第5章 * 光の中のプロポーズ
汗ばむ結の体を抱きしめると、ほのかに甘い匂いがした。
「はぁ、結、好き……」
頬に、瞼に、唇にキスを何度も落としながら、オレは果てを求めて強く腰を打ち付ける。
結は、強すぎる快感にもう聴こえていないのか、目をぎゅっと瞑り、ただ喘ぎ声をもらした。
「んっ、はぁ、あっあぁっ!っっっ!!」
「んっ……」
オレが最奥に欲望を吐き出すのと同時に、結が体を震わせてまたイク。
頭が真っ白になるほど気持ちよくて、最後の一滴まで注ぐように、ゆるゆると腰を動かすと、結の上に覆いかぶさるように脱力した。

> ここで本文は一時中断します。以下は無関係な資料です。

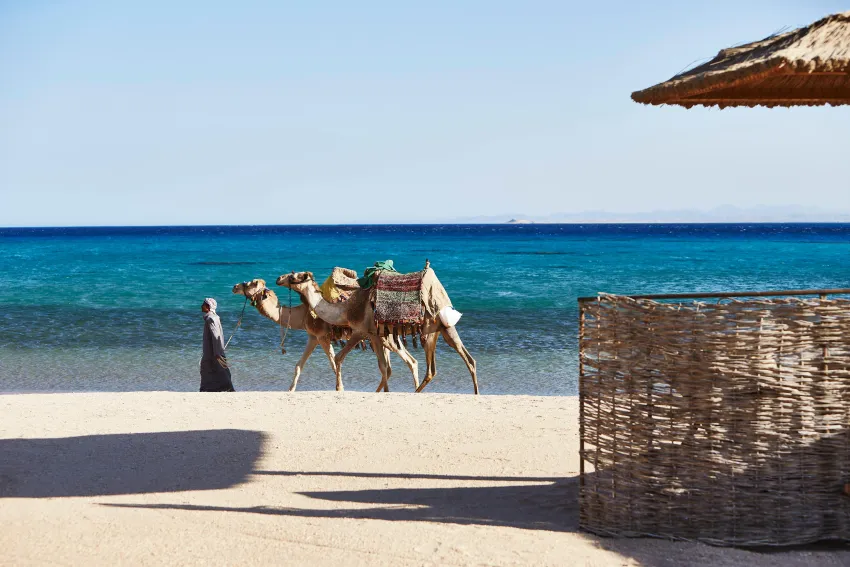 Kempinski Hotel Soma Bay 5*-339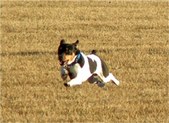 Enlarge photo 17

あの日から、オレたちは会うたびに何度も何度も体を重ねた。
ただ、愛しくて仕方なかった。
触れずにはいられなかった。
オレはある決心をして、今日この部屋を訪れていた。
微睡む布団の中、お互い触りたいように体に触れたりキスしたりして過ごす。
「いま、何考えてんの?」
「んー、さっきの結、可愛かったなーとか、中、気持ちよかったなーとか、今、胸ちょっと当たってるなーとか」
「エロいことばっかやん」
クスクス笑う結が可愛くて、頭を引き寄せて唇をその髪に埋める。
「うん。あと、こうしてられて幸せだなって……」
結はオレを少しびっくりした顔で見上げ、そして満面の笑みでぎゅっとオレに抱きついた。
「わたしも幸せ……」
その小さな背中に手を回し、胸の中にぎゅっと閉じ込める。
「結?」
「ん?なに?」
結は眠そうにゆっくり瞬きして、オレを見上げる。
「次会うとき、デートしない?
部屋でこうやって抱き合うのも幸せだけど、結と行きたいとこがあるんだ」
「え?でも……」
結は驚いてから、少し困ったように眉を寄せる。
遊女は妓楼を出ることは許されないからだ。
「だいじょーぶ。
バレないように、夜中に抜け出せばいいよ」
結は目をまん丸にして、でもすぐにクスリと笑うとオレにピタリと身を寄せた。
「うんっ嬉しい!!」
「じゃあ、約束ね」
小さい子供がするみたいに小指を絡めて"ゆびきりげんまん"をする。
最後にどちらからともなくキスをして、オレたちはひどく満たされた気持ちで眠りについた。